From Whangārei to Invercargill, landmarks, streets and prominent buildings are taking part in the Global Illumination campaign to shine a spotlight on the importance of detecting breast cancer early. Locations shining pink for the very first time include Auckland’s Aotea Centre, Dominion Road, Silo Park and Spark Arena, Napier’s Tom Parker Fountain and Wellington’s Queens Wharf sails.
The campaign runs throughout the whole month of October and ends with Breast Cancer Foundation NZ’s annual Pink Ribbon Street Appeal. On 27 and 28 October, 10,000 volunteers will be out in force throughout the country collecting donations for breast cancer research, education, and patient support.
Pink Ribbon Walks are also taking place at the Auckland Domain (15 October) and Christchurch’s North Hagley Park (29 October), where thousands of pinked-up participants will lace up their walking shoes for a five or 10 kilometre stroll to celebrate breast cancer survivors, remember those lost to the disease, and raise vital funds for Breast Cancer Foundation NZ.
Breast Cancer Foundation NZ’s chief executive, Ah-Leen Rayner, says October is the time to show support for the 3,500 Kiwis diagnosed with breast cancer every year and take action to end deaths from breast cancer:
“Our aim is to make all of Aotearoa pink throughout October – it’s a key way for us to get people talking and thinking about breast cancer, and this year we’re highlighting how breast cancer is survivable if diagnosed early enough. Having the whole country lit up in pink is a spectacular way to help us spread that message.
“Everyday Kiwis play a vital role in our mission to stop breast cancer deaths. Every donation made through our street appeal makes a huge difference as we receive no government funding for our life-saving work,” Rayner adds.

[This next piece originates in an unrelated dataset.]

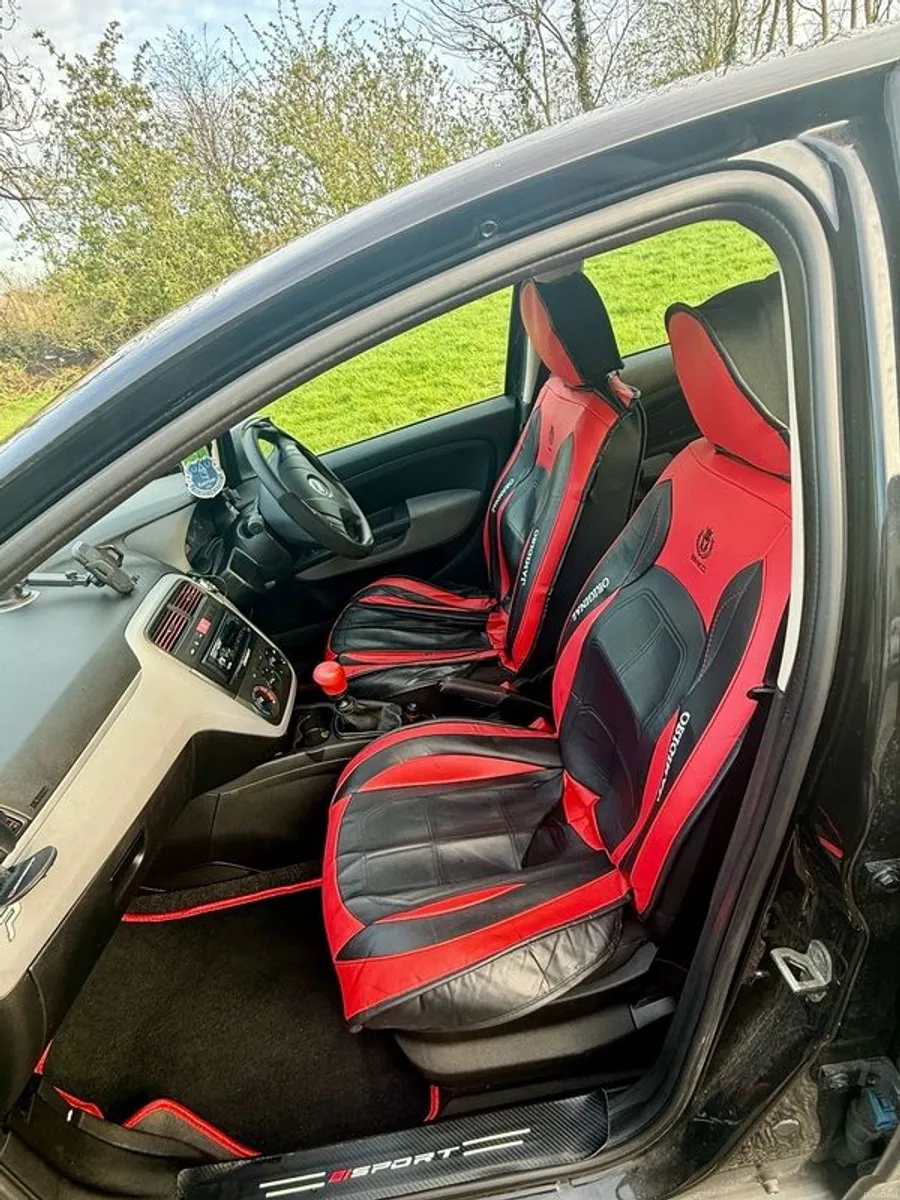 2007 Fiat Punto - Image 4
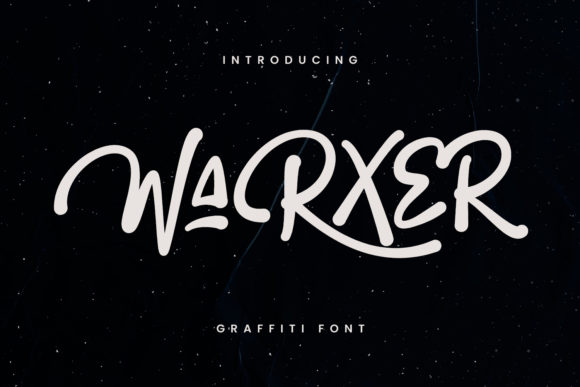 Bringing Warxer to Life in Handmade Creations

The Foundation is still seeking volunteers to collect for the Pink Ribbon Street Appeal. For more information on this and other ways to get involved with Breast Cancer Awareness Month, visit breastcancerfoundation.org.nz/bcam
Every year more than 3,500 women are diagnosed with breast cancer across the country. Early detection is crucial for surviving breast cancer – the 10-year survival rate if breast cancer is detected by mammogram is 95%. Women should be ‘breast aware’ from the age of 20, which means getting to know the normal look and feel of your breasts so you can tell your doctor if there are any changes. Breast Cancer Foundation NZ recommends considering annual mammograms from 40-49, then every two years from 50. Free mammograms through BreastScreen Aotearoa are available when you’re 45-69.